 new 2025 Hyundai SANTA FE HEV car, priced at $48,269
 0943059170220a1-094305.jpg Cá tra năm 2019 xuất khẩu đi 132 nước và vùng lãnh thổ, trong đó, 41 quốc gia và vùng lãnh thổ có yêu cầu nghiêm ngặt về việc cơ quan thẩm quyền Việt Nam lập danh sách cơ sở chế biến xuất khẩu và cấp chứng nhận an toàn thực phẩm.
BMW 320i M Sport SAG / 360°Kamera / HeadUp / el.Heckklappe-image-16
==
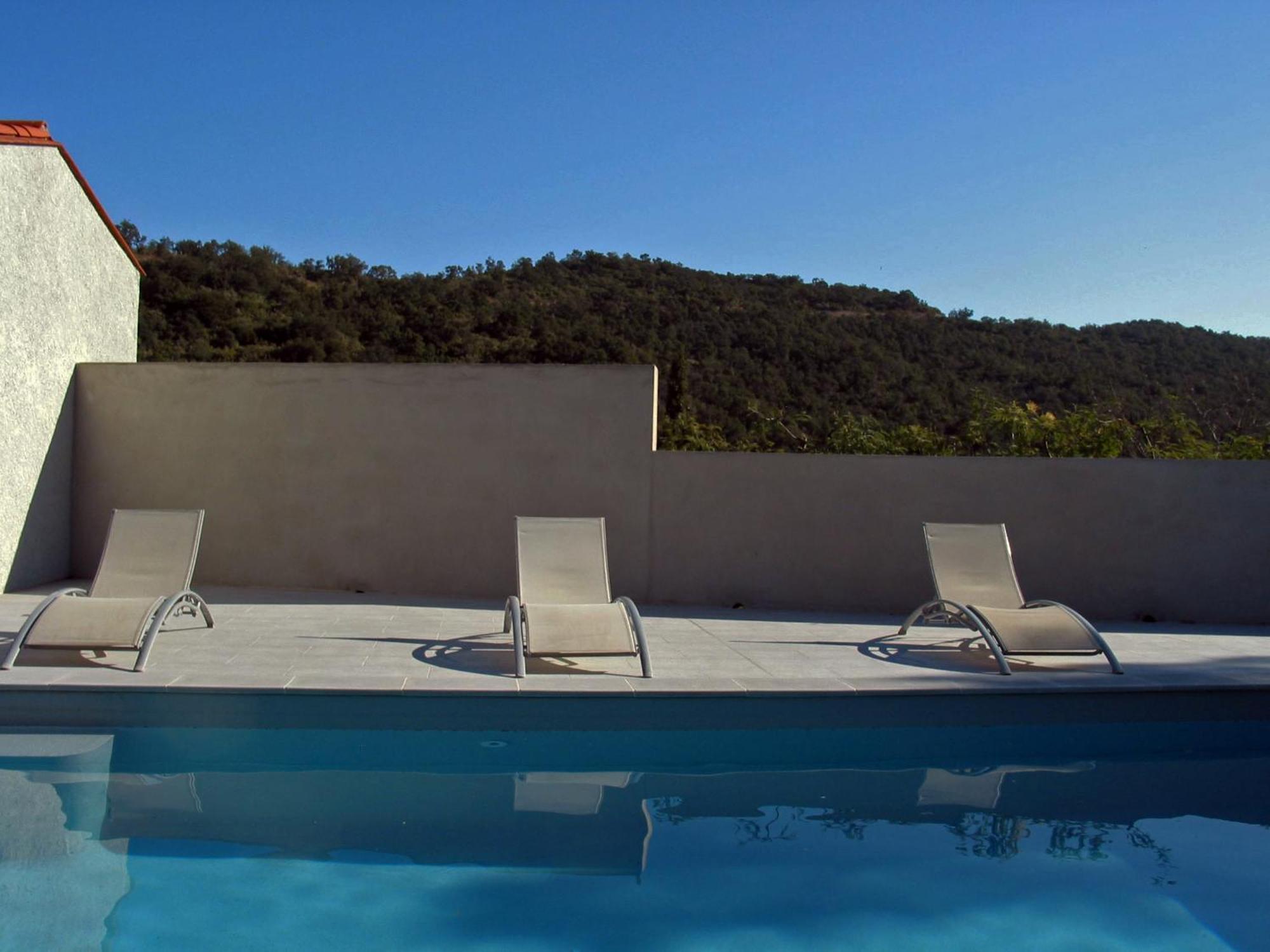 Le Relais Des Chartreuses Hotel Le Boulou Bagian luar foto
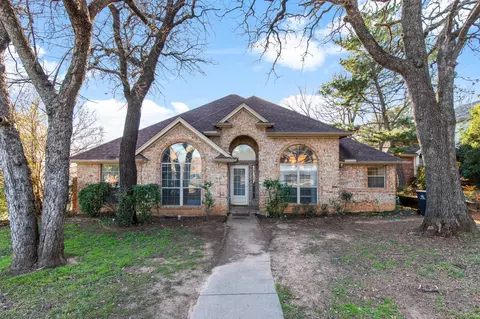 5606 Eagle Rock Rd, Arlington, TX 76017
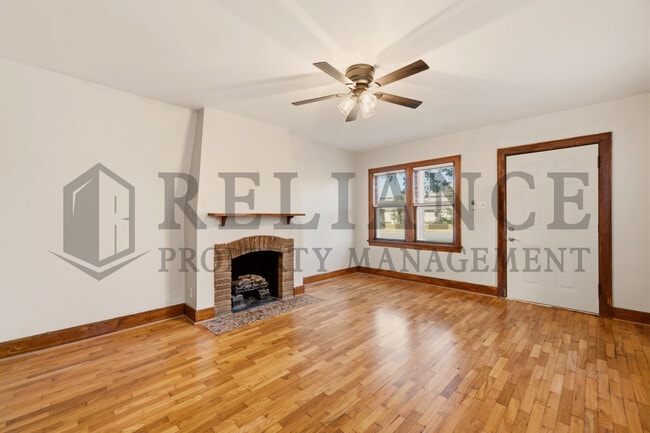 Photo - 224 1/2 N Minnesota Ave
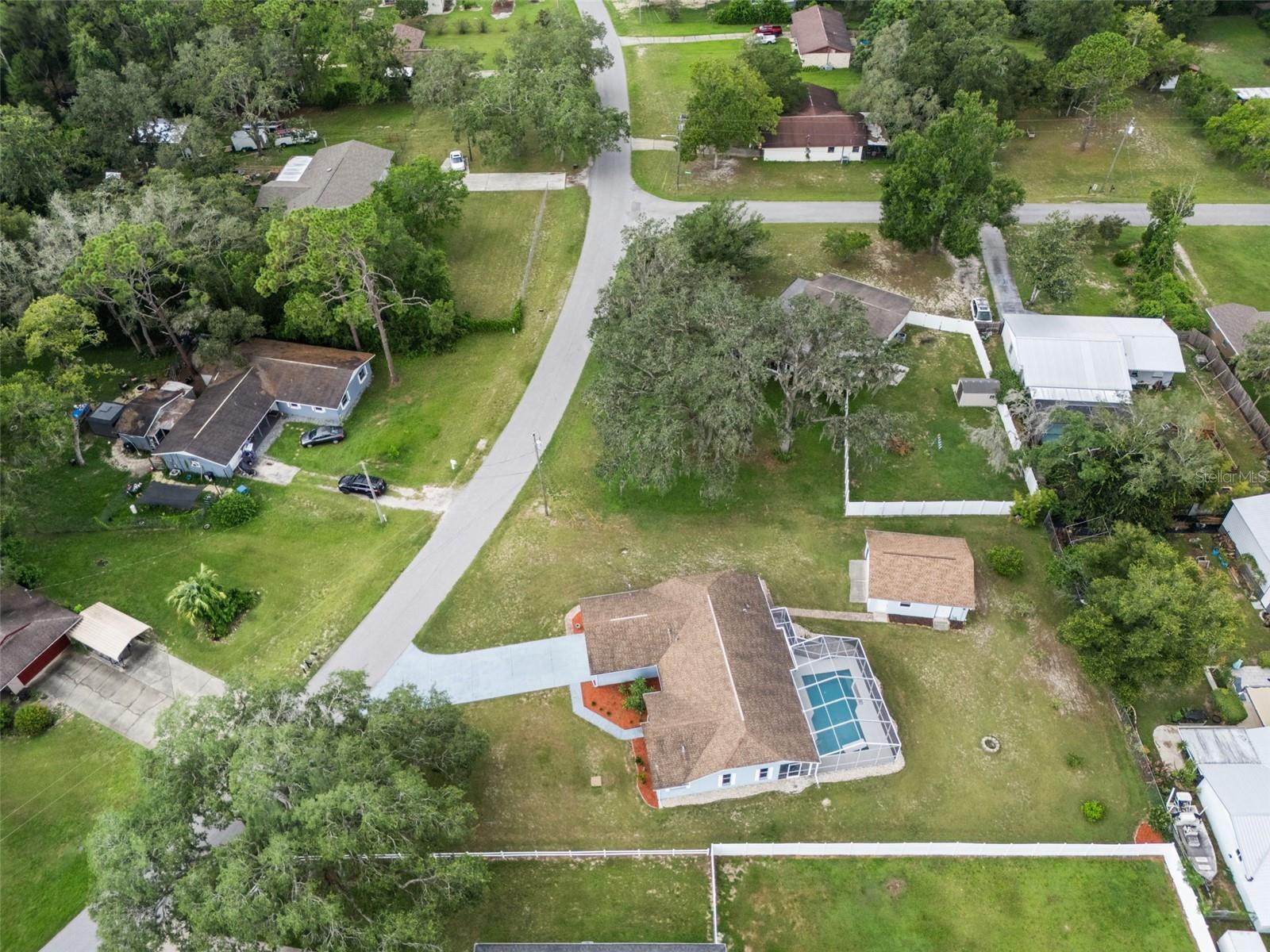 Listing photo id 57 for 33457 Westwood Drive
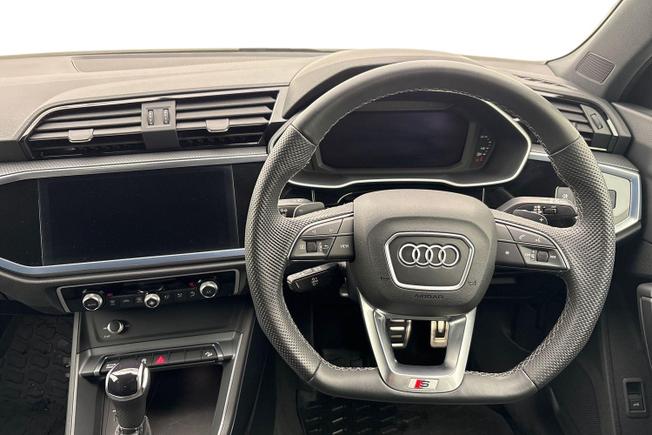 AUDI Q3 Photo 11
--
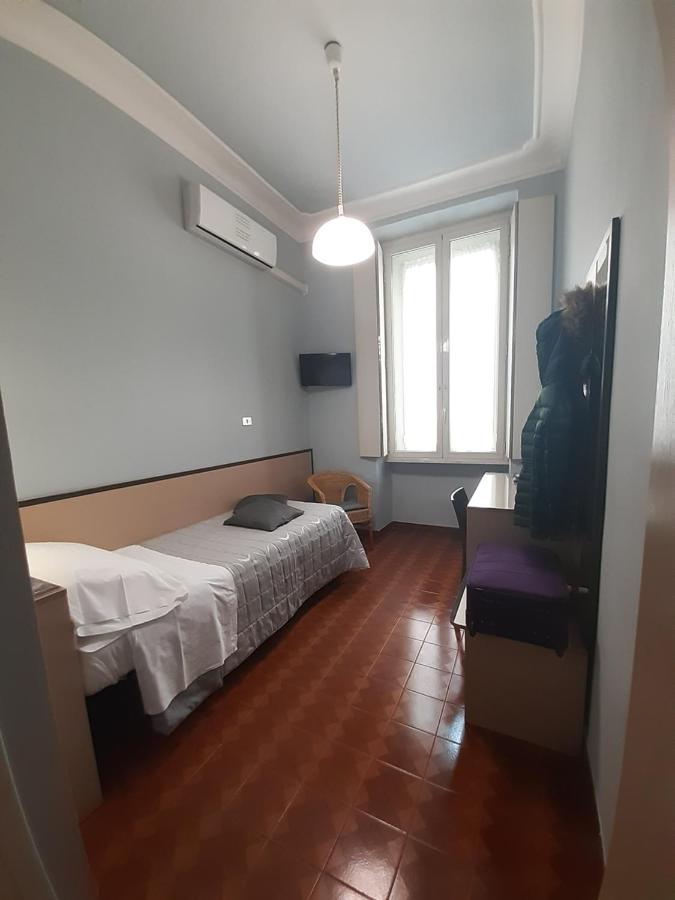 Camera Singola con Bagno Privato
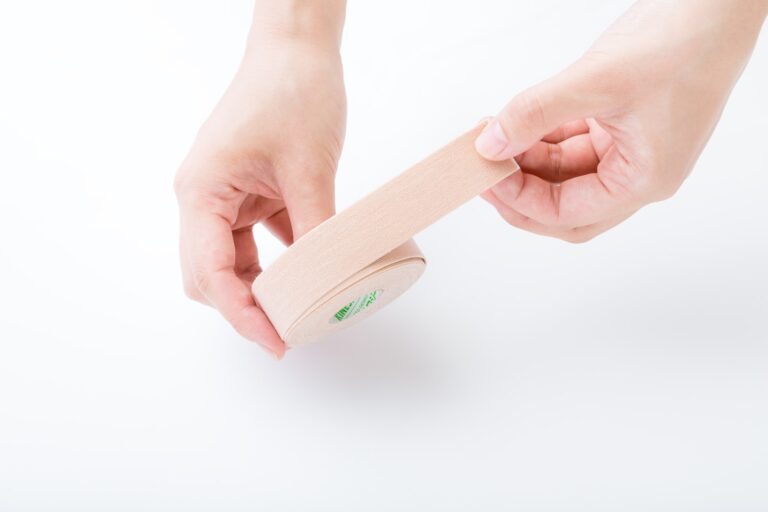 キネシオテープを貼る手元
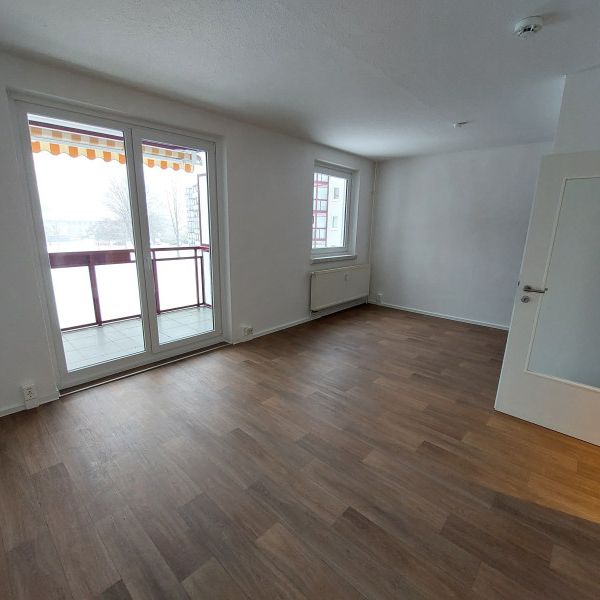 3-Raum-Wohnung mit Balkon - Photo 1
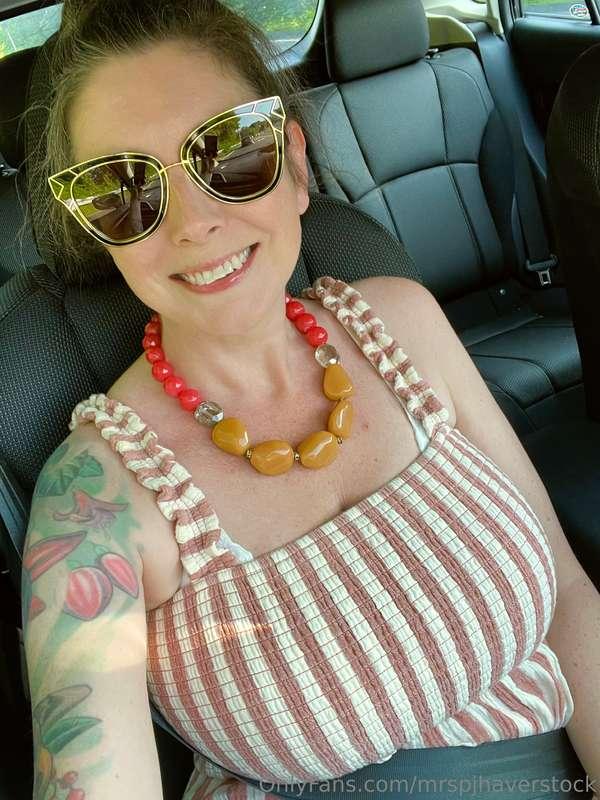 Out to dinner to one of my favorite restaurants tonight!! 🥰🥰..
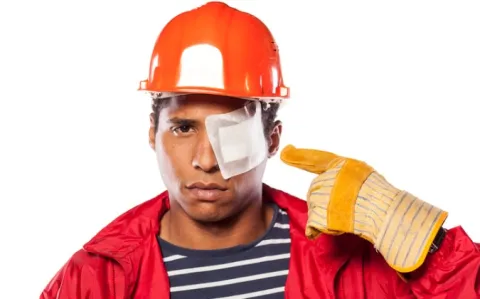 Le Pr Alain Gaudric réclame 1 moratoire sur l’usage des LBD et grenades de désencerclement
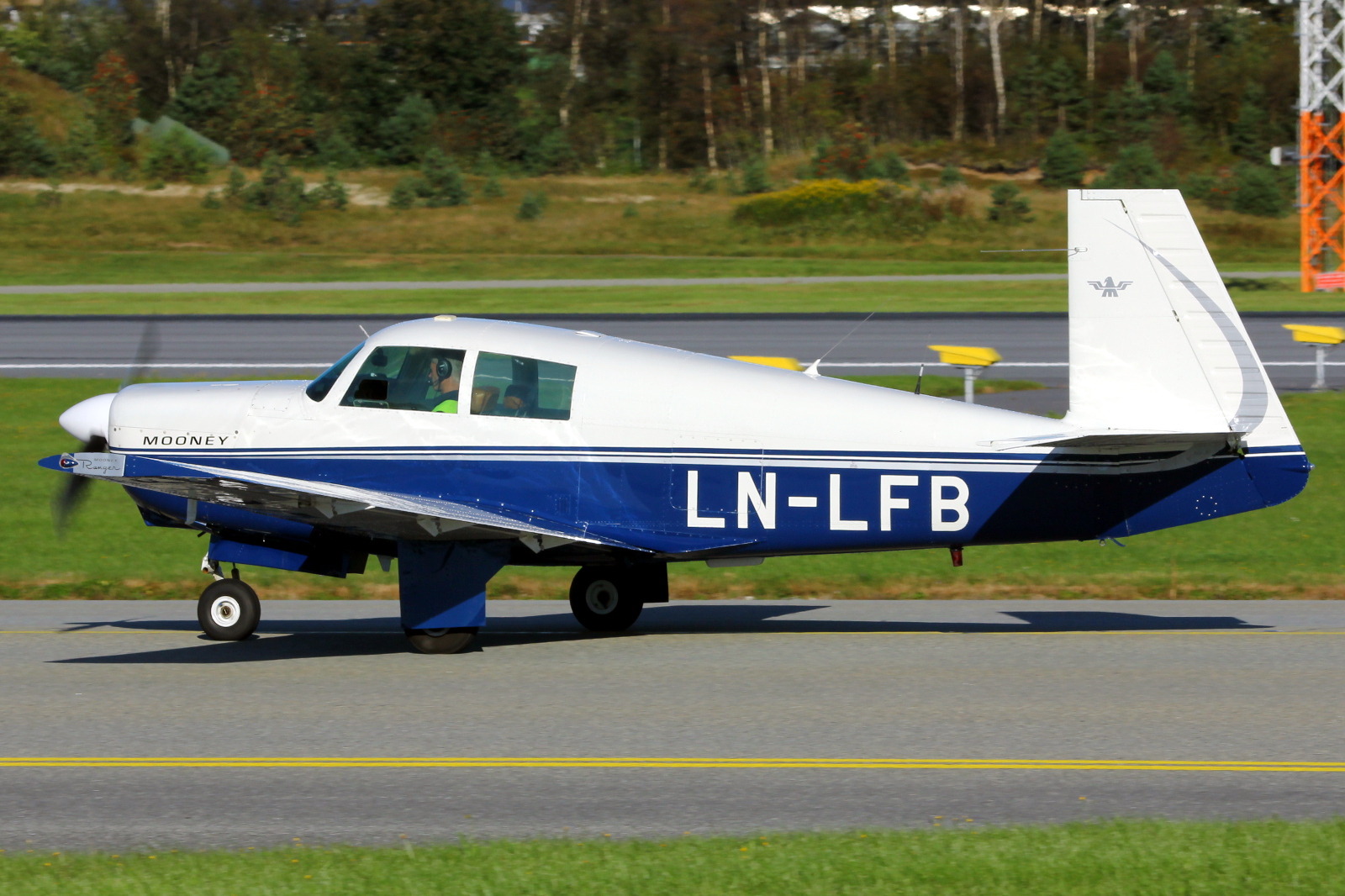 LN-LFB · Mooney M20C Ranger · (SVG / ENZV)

Goal of the exercise | Your answer should consist of the lines from the line with "new 2025 Hyundai" to the line with "BMW 320i M Sport" above, repeated exactly, both ends included.

Exercise result |
 new 2025 Hyundai SANTA FE HEV car, priced at $48,269
 0943059170220a1-094305.jpg Cá tra năm 2019 xuất khẩu đi 132 nước và vùng lãnh thổ, trong đó, 41 quốc gia và vùng lãnh thổ có yêu cầu nghiêm ngặt về việc cơ quan thẩm quyền Việt Nam lập danh sách cơ sở chế biến xuất khẩu và cấp chứng nhận an toàn thực phẩm.
BMW 320i M Sport SAG / 360°Kamera / HeadUp / el.Heckklappe-image-16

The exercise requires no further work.